In [1]:
import numpy as np
import scipy.stats as st

import pymc as pm
import arviz as az

import aesara
import aesara.tensor as at

In [2]:
SIMPLE_EXAMPLE = False

In [3]:
def gen_model(SIMPLE_EXAMPLE, x_obs=None):
    if SIMPLE_EXAMPLE:
        with pm.Model() as funnel:
            θ = pm.Normal("θ", 0, 3)
            z = pm.Normal("z", 0, at.exp(θ / 2), size=512)
            x = pm.Normal("x", z, 1, observed=x_obs)
    else:
        with pm.Model() as funnel:
            θ0 = pm.Normal("θ0", 0, 3)
            z0 = pm.Normal("z0", 0, at.exp(θ0 / 2), size=256)
            θ1 = pm.HalfNormal("θ1", 5)
            z1 = pm.Normal("z1", 0, θ1, size=(128, 2))
            σ = pm.HalfNormal("σ", 1)
            x = pm.Normal("x", at.stack([z0, at.flatten(z1)]), σ, observed=x_obs)
    return funnel

m = gen_model(SIMPLE_EXAMPLE)

Generate data for `x` condition on some true $\theta$. There are a few ways to do it as explained in https://github.com/pymc-devs/pymc/discussions/5280

In [4]:
if SIMPLE_EXAMPLE:
    sample_x: callable = aesara.function([m.θ], [m.x])
    x_obs, = sample_x(1.)
else:
    sample_x: callable = aesara.function([m.θ0, m.θ1, m.σ], [m.x])
    x_obs, = sample_x(0., 1., 2.)

In [5]:
x_obs.shape

(2, 256)

## Define a regular PyMC model that conditioned on some observation

In [6]:
funnel = gen_model(SIMPLE_EXAMPLE, x_obs)

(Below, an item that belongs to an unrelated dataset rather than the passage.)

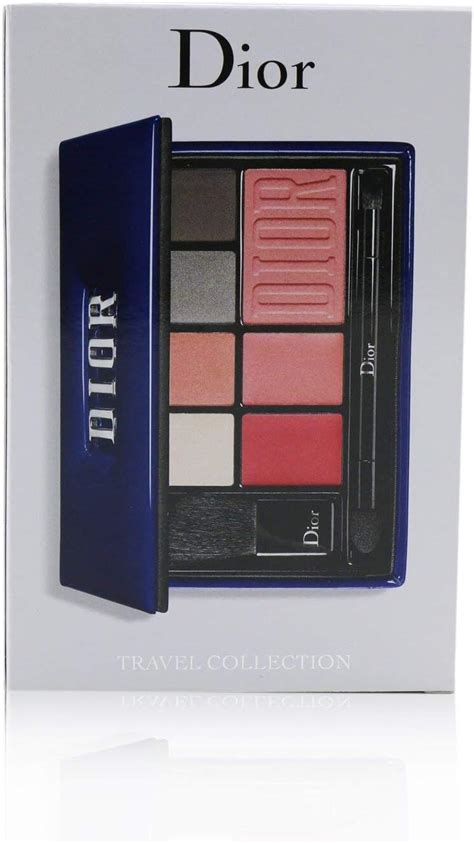 Dior 2018 Ultra Dior Fashion Makeup Palette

## Forward sampling function (for generating `x`)

In [7]:
# sample_x_z = aesara.function([θ], [z, x])
model_graph = pm.model_graph.ModelGraph(funnel)
# theta are priors with no parent
theta = [var for var in funnel.basic_RVs if model_graph.get_parents(var) == set()]
# The remaining free variables are z
latent_field = [var for var in funnel.free_RVs if var not in theta]

In [8]:
funnel.basic_RVs

[θ0, z0, θ1, z1, σ, x]

In [9]:
theta, latent_field

([θ0, θ1, σ], [z0, z1])

In [10]:
# z_x = list(set(funnel.value_vars) - set(theta))  # Not doing this as the order is unpredictable
z_x: list = funnel.observed_RVs + latent_field

sample_x_z: callable = aesara.function(theta, z_x)
theta_val = [v.eval() for v in theta]
output_test = sample_x_z(*theta_val)
[v.shape for v in output_test]

[(2, 256), (256,), (128, 2)]

Alternative `sample_x` that only output the simulation of the observed (`x`)

In [11]:
sample_x: callable = aesara.function(theta, funnel.observed_RVs)
theta_val = [v.eval() for v in theta]
output_test = sample_x(*theta_val)
[v.shape for v in output_test]

[(2, 256)]

## Likelihood function `logP(x,z|θ)` and Prior function `logP(θ)`

In [12]:
from pymc.distributions import logpt as joint_logpt

# Copy and small modification of self.logp_elemwiset in a pm.Model
def generate_logpt_allnodes(model, vars: list, jacobian: bool = True):
    """Elemwise log-probability of the input variables."""
    if model.potentials:
        raise Exception("Does not work with model that contains potentials")

    rv_values = {}
    for var in vars:
        if var in model.observed_RVs:
            value_var = var.type()
            value_var.name = var.name
        else:
            value_var = model.rvs_to_values[var]
        if value_var is not None:
            rv_values[var] = value_var
        else:
            raise ValueError(
                f"Requested variable {var} not found among the model variables"
            )

    rv_logps = joint_logpt(list(rv_values.keys()), rv_values, sum=False, jacobian=jacobian)
    logpt_nodes = {}
    for k, logp in zip(rv_values.keys(), rv_logps):
        node_logp = logp.sum()
        node_logp.name = k.name + "_logpt"
        logpt_nodes[k] = node_logp

    return logpt_nodes, rv_values

In [13]:
# keep the order of z, x, θ
ordered_input_var: list = latent_field + funnel.observed_RVs + theta

logpt_nodes, rv_values = generate_logpt_allnodes(funnel, ordered_input_var)
input_var = [rv_values[v] for v in ordered_input_var]

In [14]:
logpt_nodes

{z0: z0_logpt,
 z1: z1_logpt,
 x: x_logpt,
 θ0: θ0_logpt,
 θ1: θ1_logpt,
 σ: σ_logpt}

In [15]:
rv_values

{z0: z0, z1: z1, x: x, θ0: θ0, θ1: θ1_log__, σ: σ_log__}

In [16]:
# Some testing
compile_logp_fn_per_node = aesara.function(
    input_var, [logpt_nodes[v] for v in ordered_input_var])
test_point = funnel.recompute_initial_point()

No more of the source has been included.